*Task to carry out:* All of the entries must be reproduced exactly, with no images carried over.

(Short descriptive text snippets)

▼

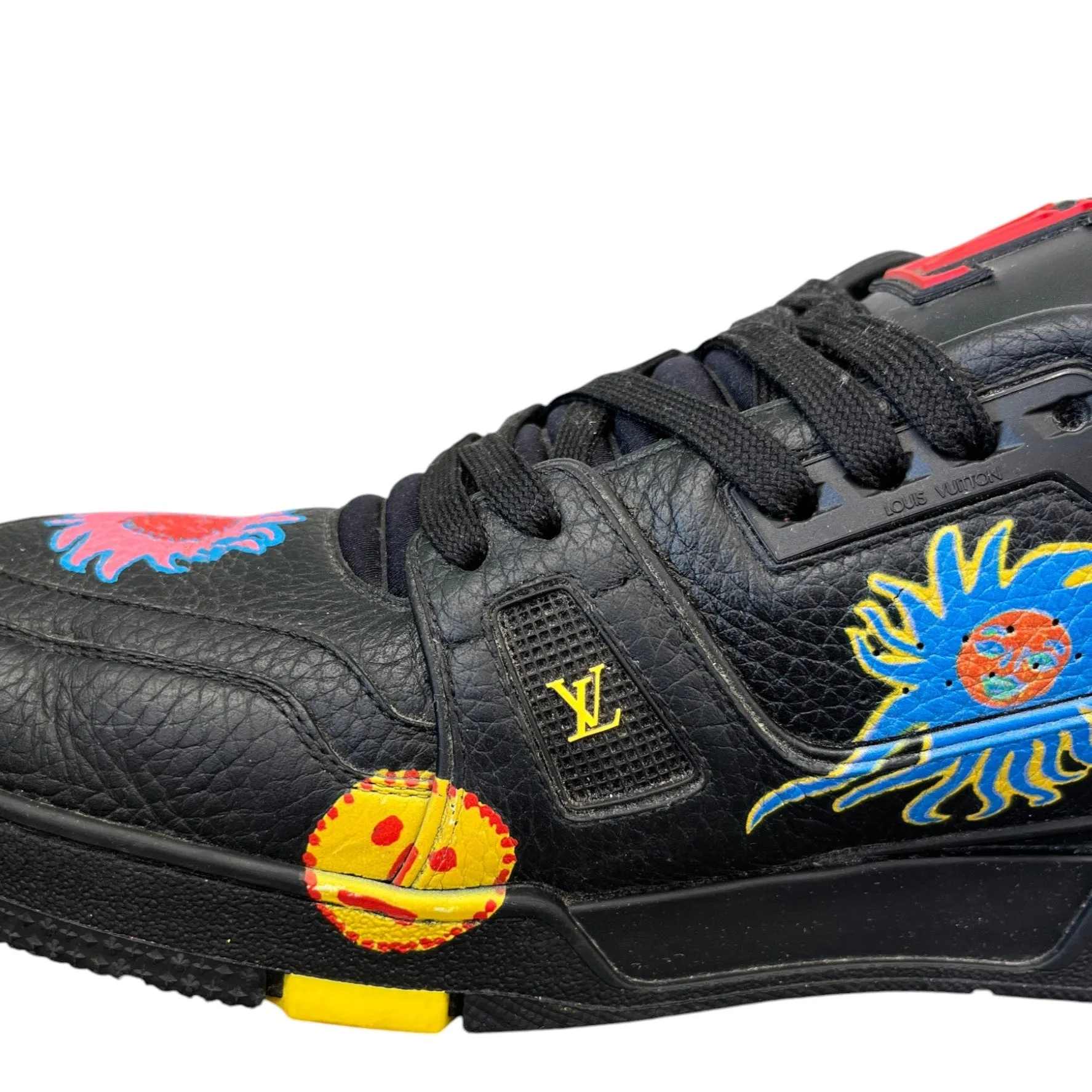 Men's Lv X Yayoi Kusama Low Trainers Black Size EU 44 / UK 10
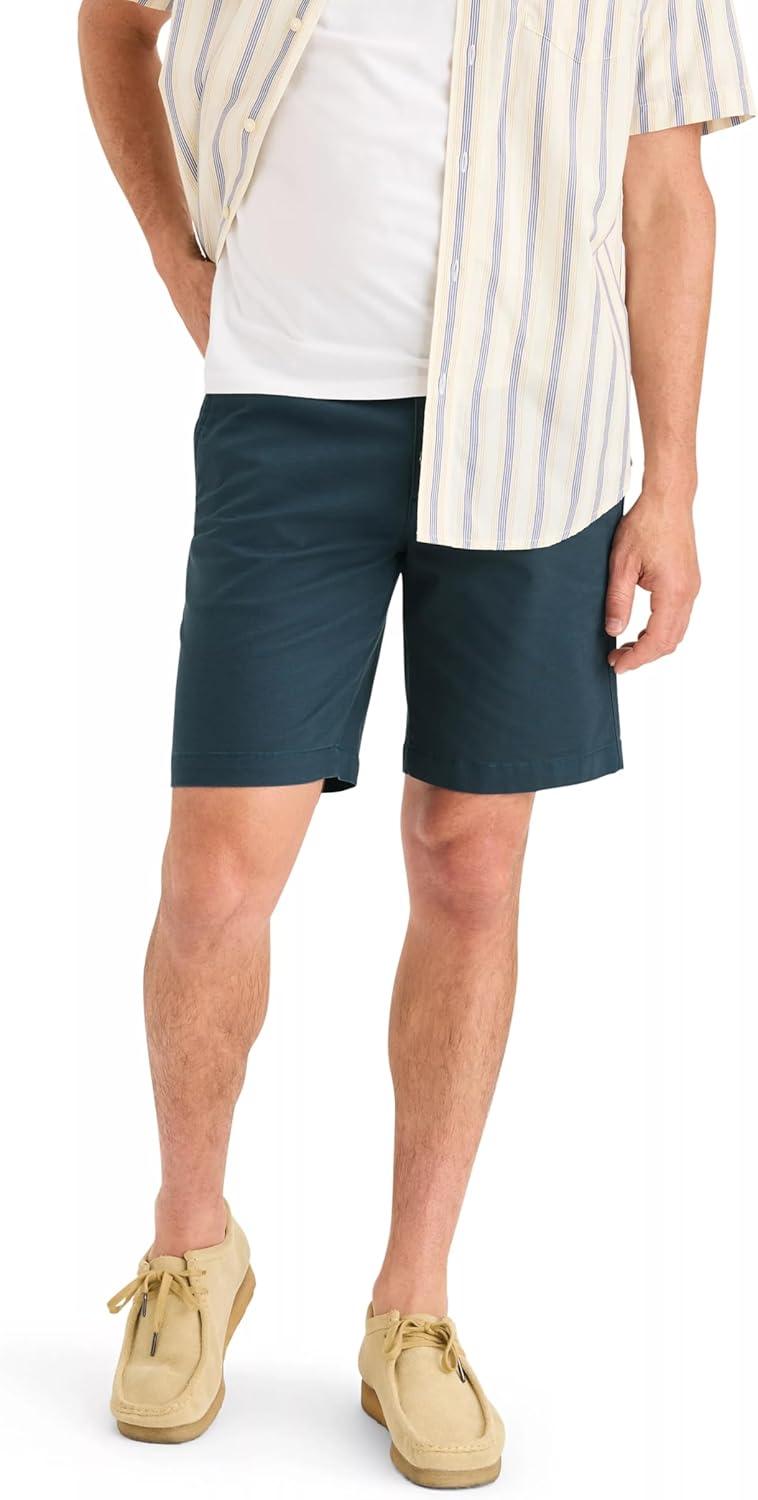 imageDockers Mens Straight Fit Supreme Flex Ultimate 95quot ShortsStratified Sea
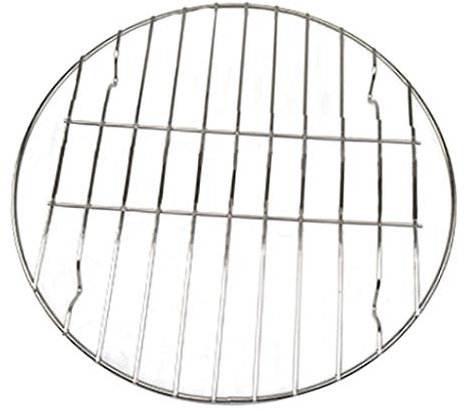 non-brand Mehrzweck Edelstahl rund Dämpfen Grill Rack - 28 cm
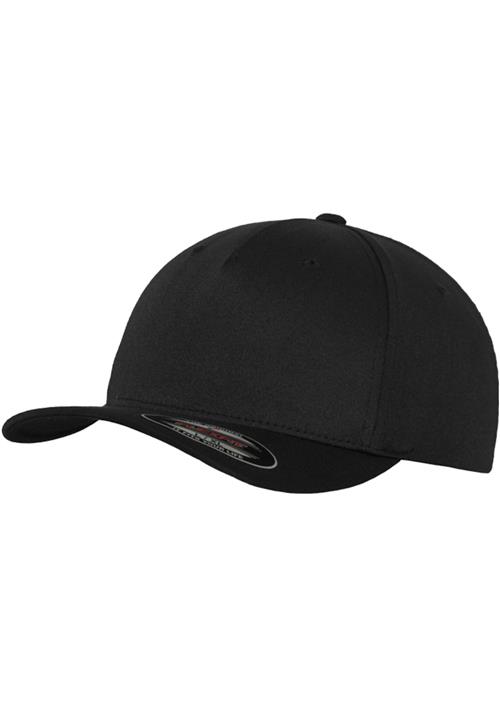 Flexfit Hætte '5 Panel'  sort / hvid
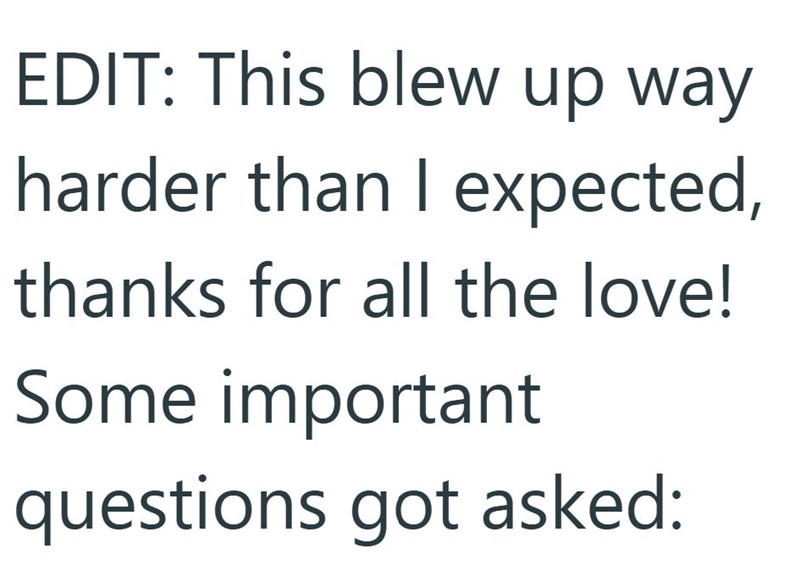 EDIT: This blew up way harder than I expected, thanks for all the love! Some important questions got asked:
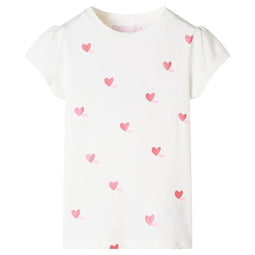 Kindershirt 116 ecru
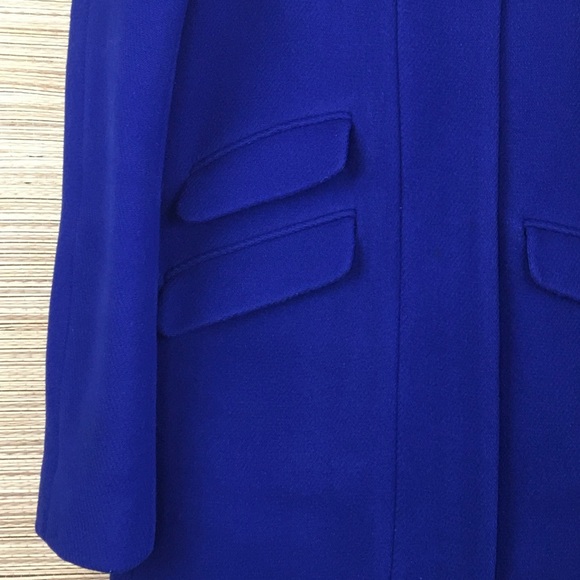 J.CREW Italian Stadium Close Wool Nello Gori Jacket Cocoon Coat Cobalt Blue Sz 6 - Picture 10 of 16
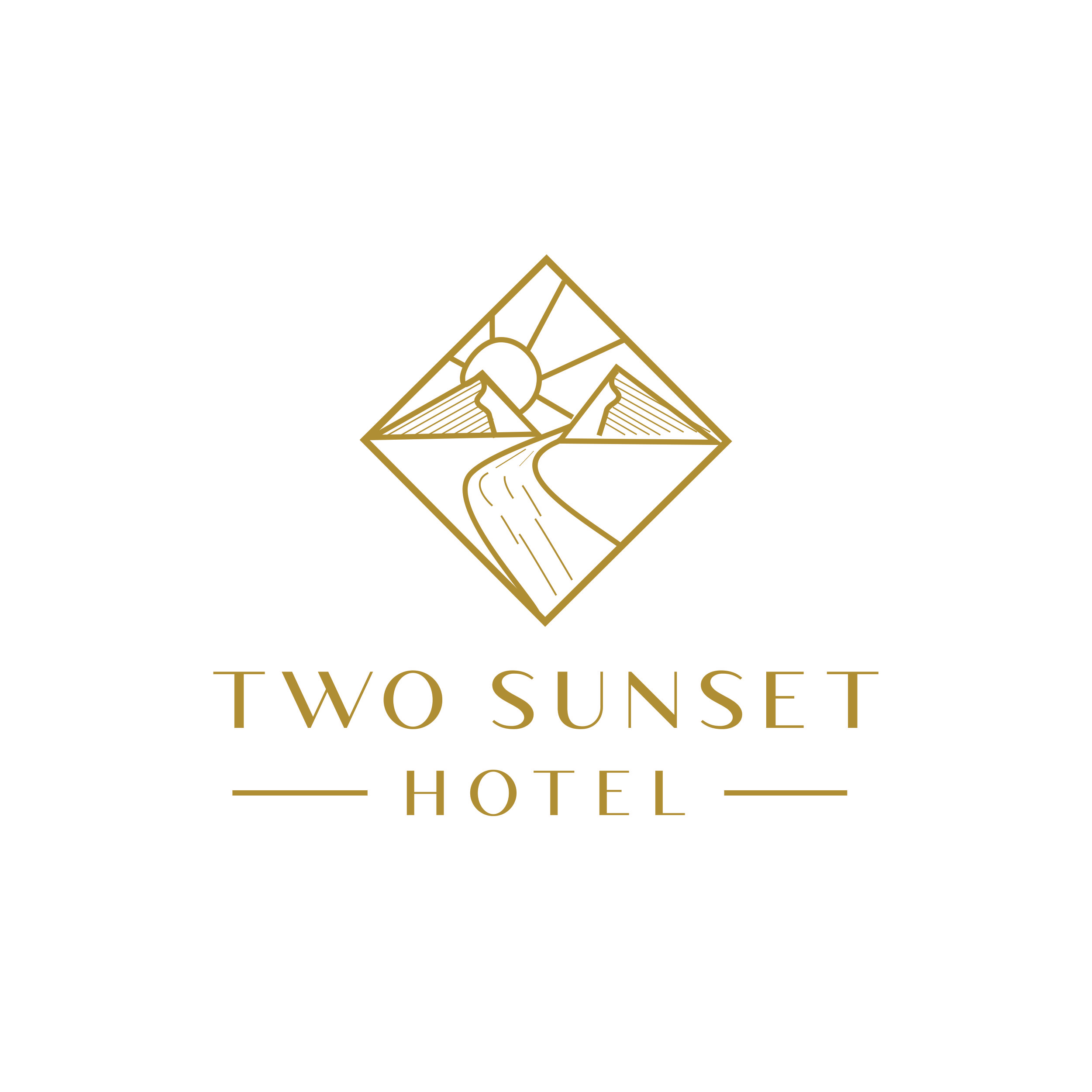 Logo Design by creative.bugs for Two Sunsets Hotel | Design #29682950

▲

*Result:*
 Men's Lv X Yayoi Kusama Low Trainers Black Size EU 44 / UK 10
 imageDockers Mens Straight Fit Supreme Flex Ultimate 95quot ShortsStratified Sea
 non-brand Mehrzweck Edelstahl rund Dämpfen Grill Rack - 28 cm
 Flexfit Hætte '5 Panel'  sort / hvid
 EDIT: This blew up way harder than I expected, thanks for all the love! Some important questions got asked:
 Kindershirt 116 ecru
 J.CREW Italian Stadium Close Wool Nello Gori Jacket Cocoon Coat Cobalt Blue Sz 6 - Picture 10 of 16
 Logo Design by creative.bugs for Two Sunsets Hotel | Design #29682950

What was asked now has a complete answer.